How to create your UNESCO status of great albeit largely unread world-class writer and thrive in the heart of the Communist State

October, 2010

  1. How to create your UNESCO status of great albeit largely unread world-class writer and thrive in the heart of the Communist State

    October 25, 2010 by Christopher Buxton

    Historical fiction – a great hiding place for Emilian Stanev

    What would you do? You’re an ambitious erudite writer, you’ve got progressive ideas. You have a quick sympathetic imagination. Just as your short stories are beginning to make an impact, the Communists take over your country.

    You’re not a party member, but someone likes your work. You are not dispatched to break rocks like Dimitur Talev. You’re invited to join the Party. You’re given a dream job managing a hunting estate for privileged comrades who enjoy shooting animals. You like hunting. Why not? It must beat your previous job working for the Sofia Town Hall.

    Your short story The Peach Thief is turned into a film designed to boost Bulgaria’s reputation. It wins enthusiastic plaudits throughout international film festivals. It’s comfortably historical. It is set at the time of the First World War. It is the moving story of a love affair between a Serbian Prisoner of War and the repressed Bulgarian wife of the camp commandant – it establishes your broad internationalist humanist principles. It carries appropriate messages about the evils of imperialist war and the hierarchical sexist class system. The Bulgarian government is keen to bask in your success and you are rewarded. You are made a hero of Socialist Labour.

    You become a Representative in the Communist parliament. It’s expected of you. You represent Dimitrovgrad – ironically the birthplace of the suicidal alcoholic Communist poet, Penyo Penev. You try to take the job seriously, but complain privately of its absurdity, joining in unanimous vote after unanimous vote as required by the Party hierarchy. Anyway you’ve now written Ivan Kondarev – a novel about the 1923 uprising of Peasants against the right wing Tsar’s government. You’ve paid your dues, re-representing recent history to order. You get the Georgi Dimitrov award.

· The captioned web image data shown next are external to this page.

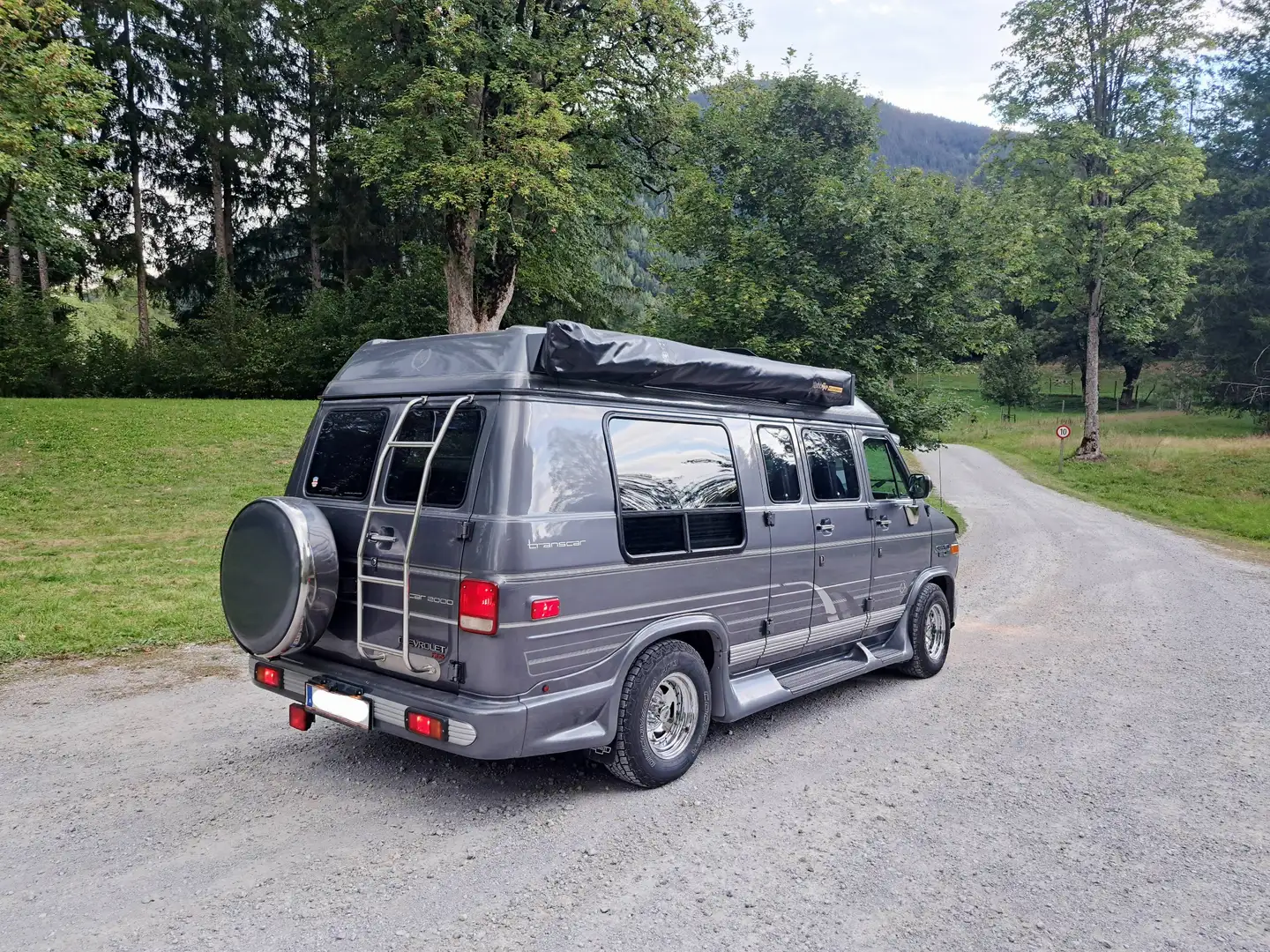 Chevrolet Chevy Van G20 Transcar2000 Conversion Van - 2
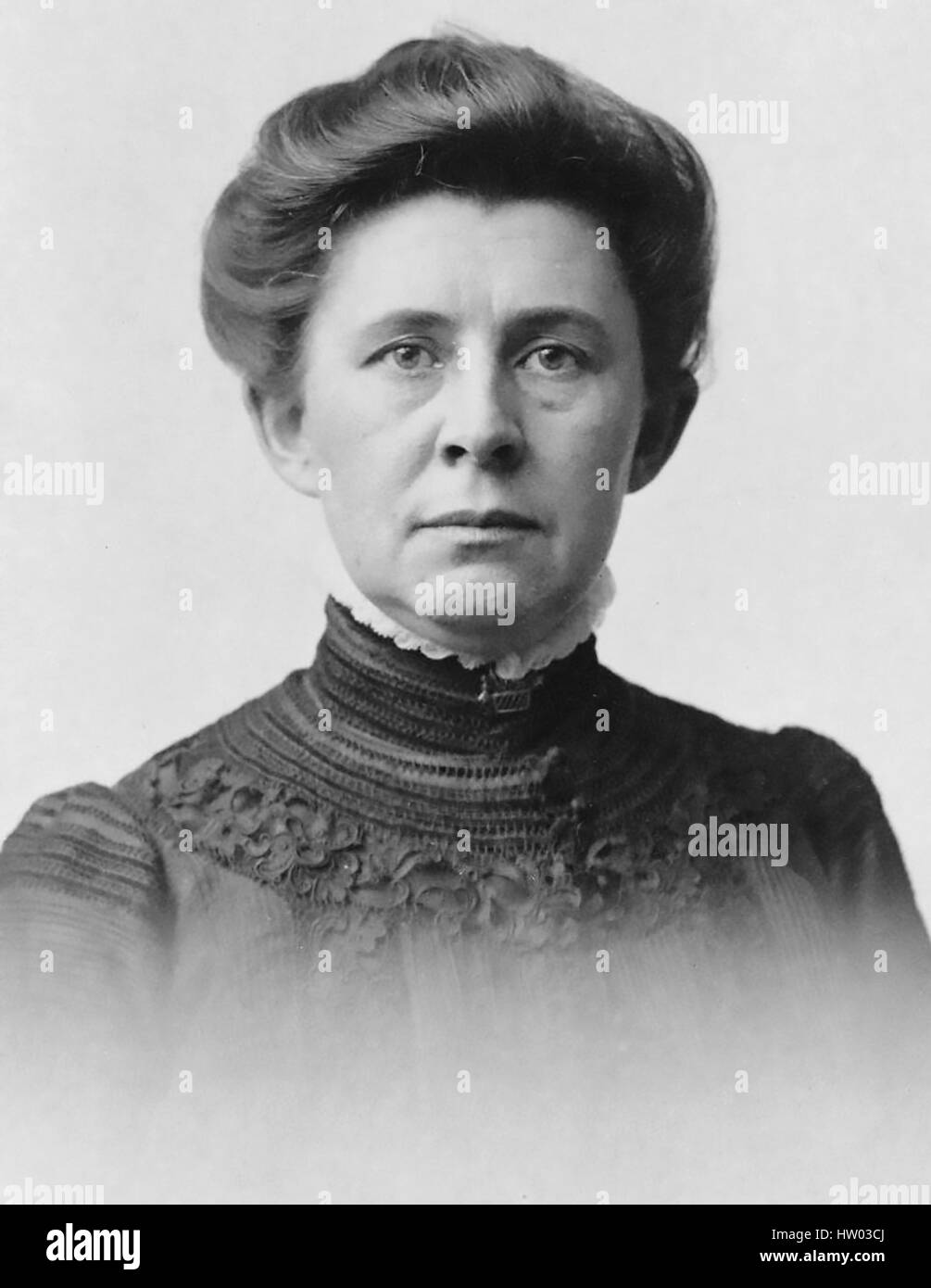 IDA TARBELL (1857-1944), US-amerikanischer Lehrer und investigativer Journalist im Jahr 1904 Stockfoto
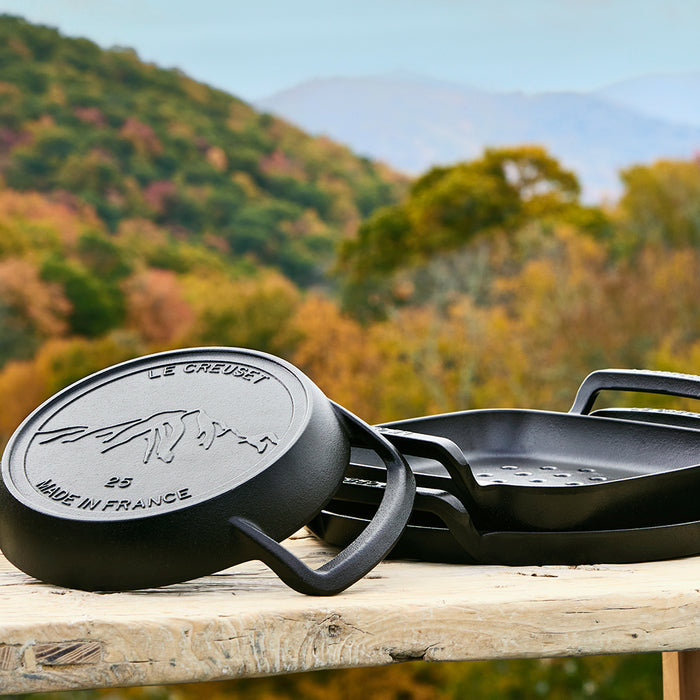 Le Creuset BBQ Outdoor Skillet - Ø 25 cm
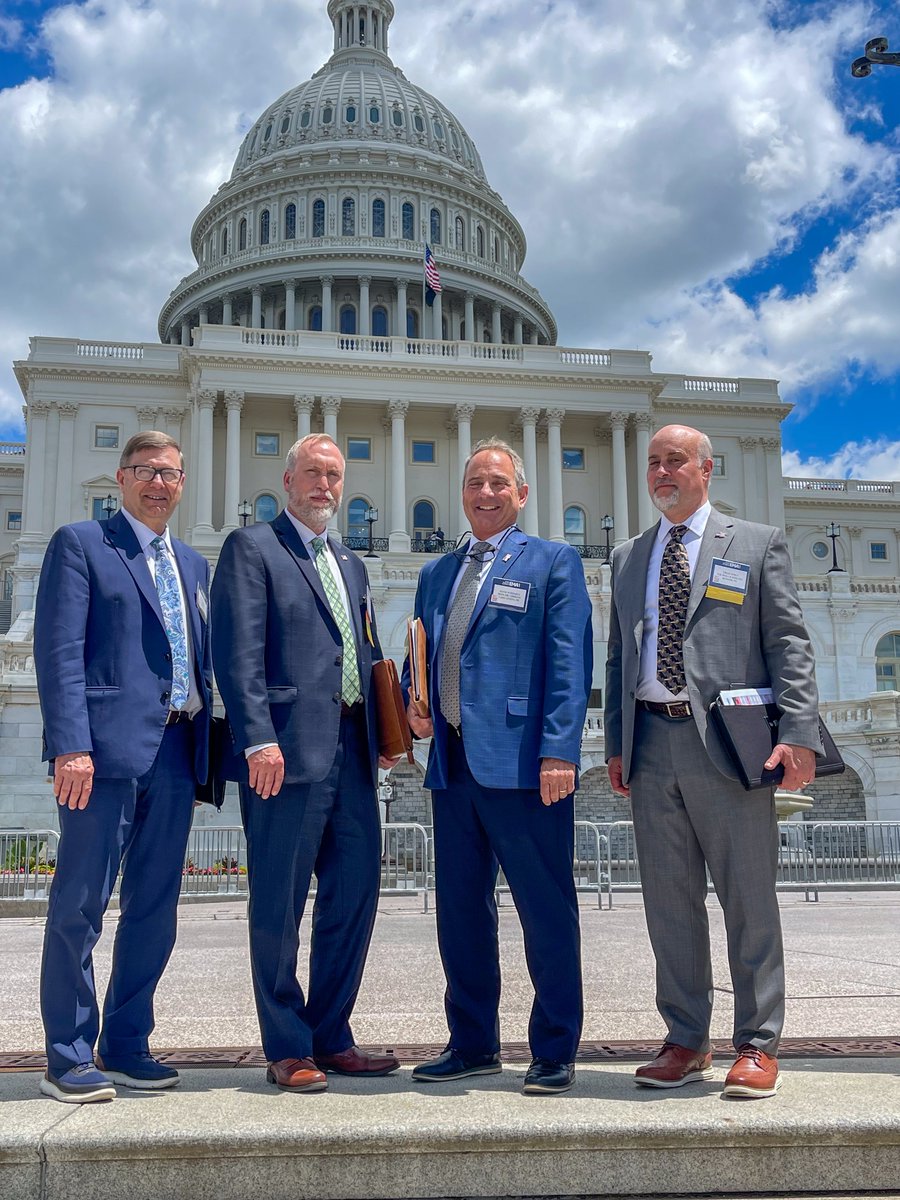Big moves in DC! We joined forces with WFRA and energy leaders to tackle key industry issues. 💼 #WFRA #EHWolf #EnergyTalks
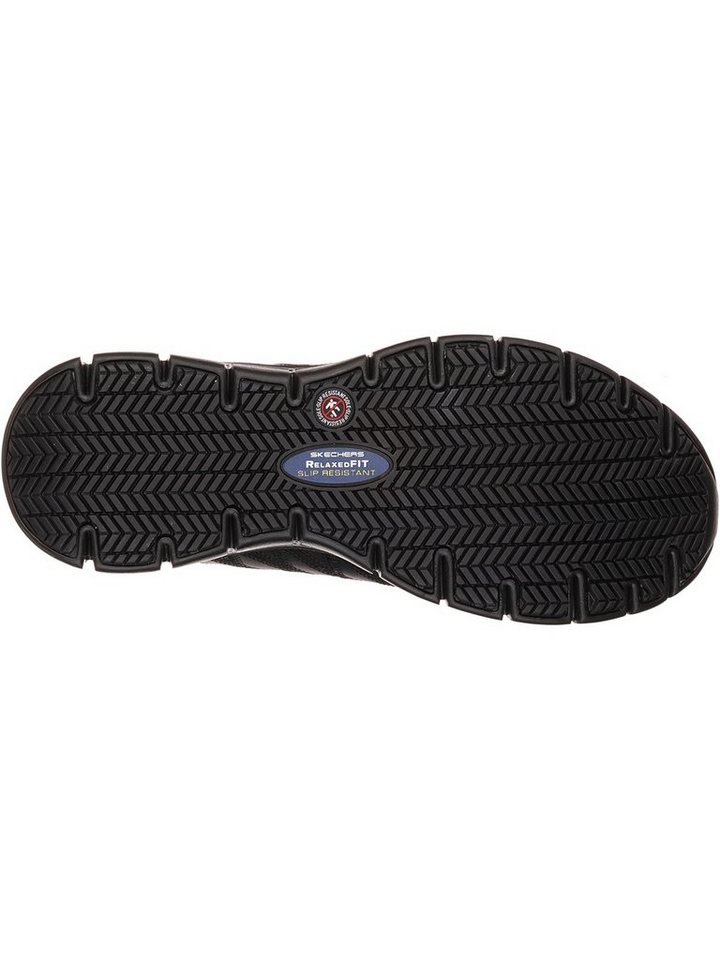 Skechers Arbeitsschuhe Erath Sure Track Damen OB Gr. 41 Schwarz Bild 5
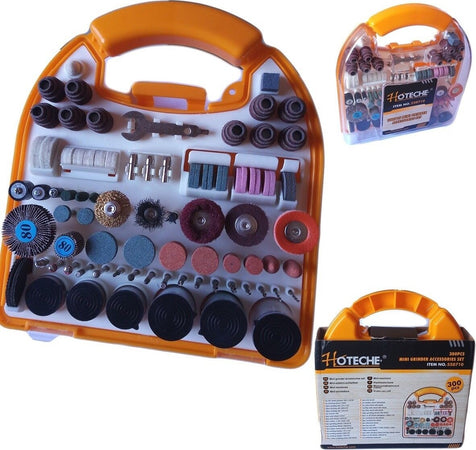 KIT 300 PZ ACCESSORI MINI TRAPANO DREMEL TRAPANO SET FRESE CON VALIGETTA Fai da te/Utensili elettrici e a mano/Utensili elettrici/Trapani/Trapani avvitatori Trade Shop italia - Napoli, Commerciovirtuoso.it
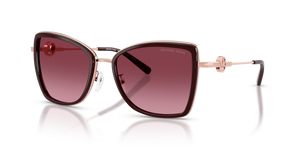 Rose Gold/Cordovan - Burgundy Gradient
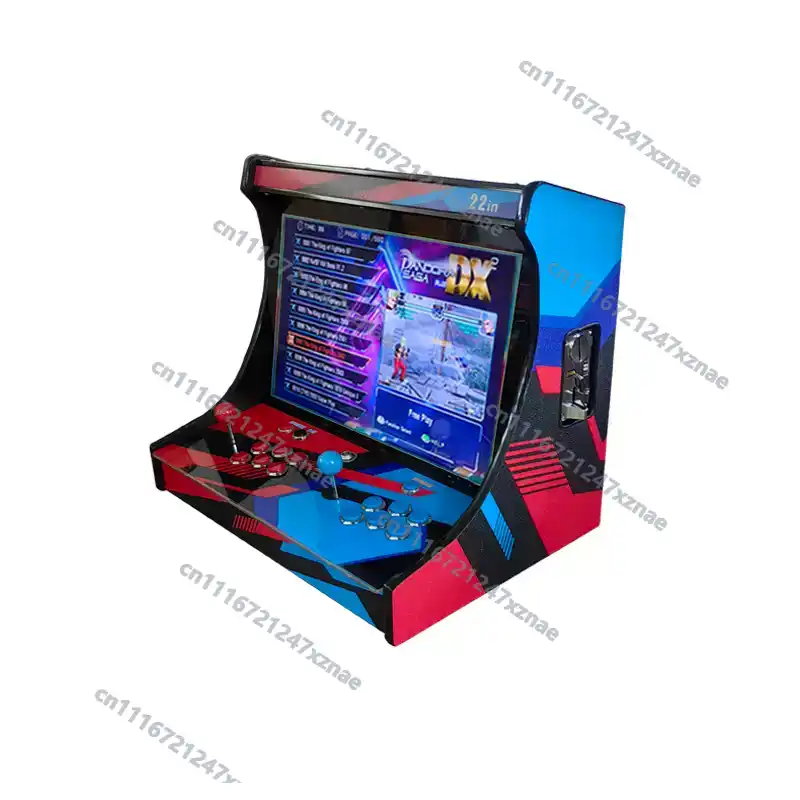 22-calowy LCD Arcade Cabinet z – Retro Gaming Cabinet recenzja i cena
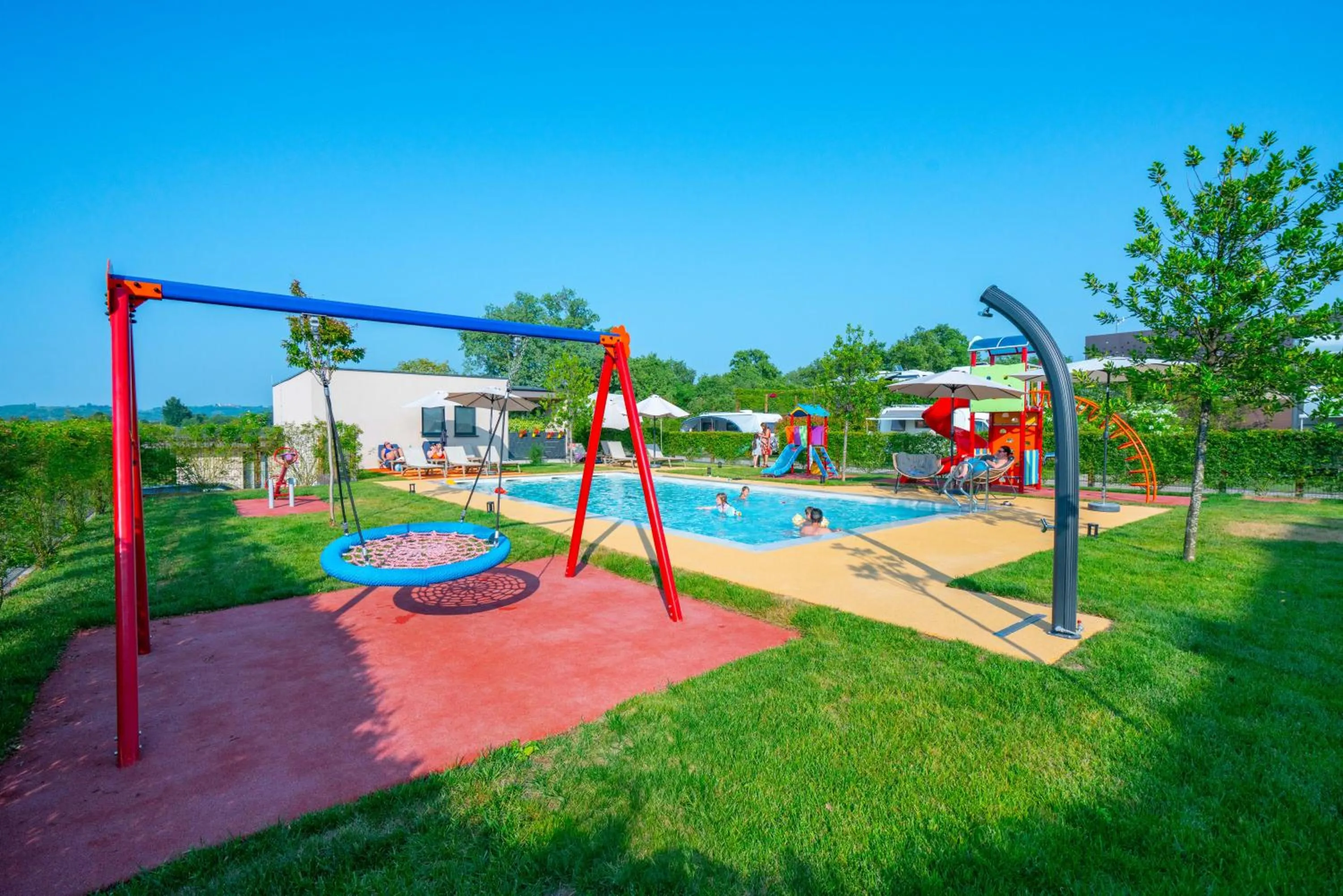 Day in San Servolo Wellness Homes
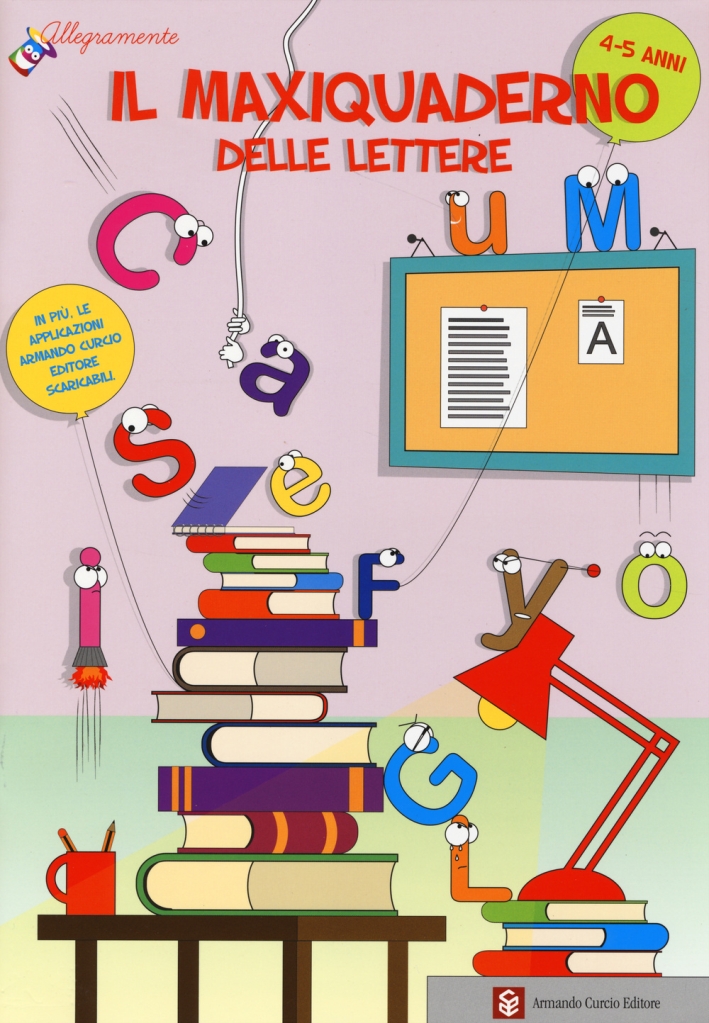 Il maxiquaderno delle lettere. Ediz. illustrata Il maxiquaderno delle lettere. Ediz. illustrata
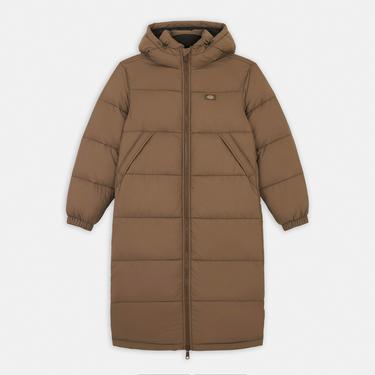  Dickies Alatna Long Kadın Kahverengi Ceket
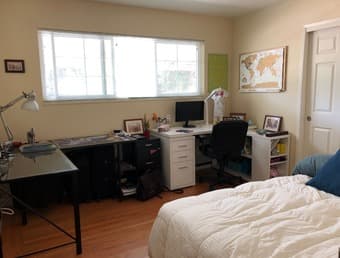 Room available in 2BR/1Bath Palo Alto apartment 2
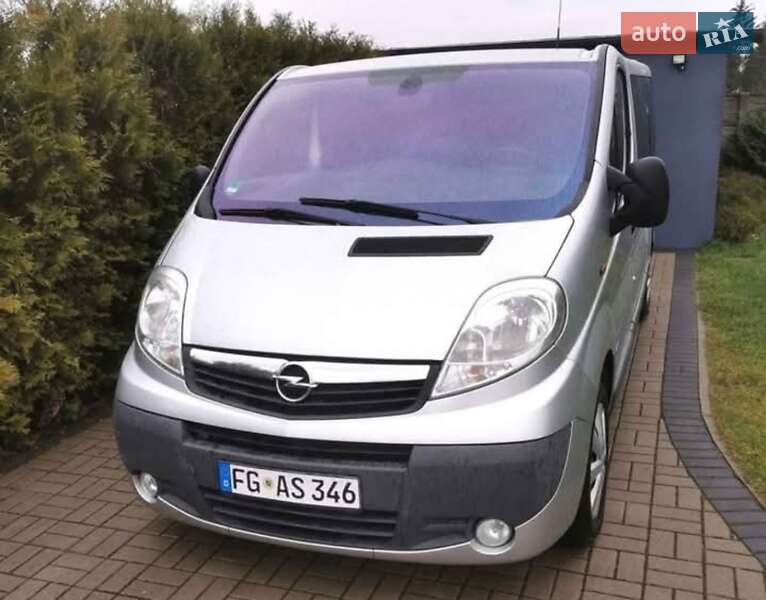 Інша спецтехніка Opel Vivaro 2010 в Києві фото 6 Інша спецтехніка Opel Vivaro 2010 в Києві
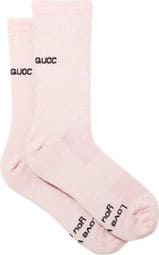 Quoc All Road Dust Pink Socks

    You’re now over sixty. It’s me-time – time to express all your insights; time to write the great Bulgarian novel. You could be the Bulgaria’s first Nobel laureate. Hell, in neighbouring Greece, Kazantsakis showed you the way. You’ve read Nietzsche too. You’ve got something to say about living in a Godless Universe. But can you get it past the Bulgarian censor?

    Talev has given you the answer. Go deep – back into Bulgarian history. Set your novel in the Middle Ages. Pick a period! The fall of Bulgaria under “the Ottoman Yoke” is a promisingly tragic context for your startling novel about the human condition in extremity. You can get in lots of references to “brave suffering folk”, “duplicitous Boyars” and “dirty barbaric unbelievers”. Your novel’s called “Antichrist”. It sounds reassuringly atheist. That should make the Censor happy.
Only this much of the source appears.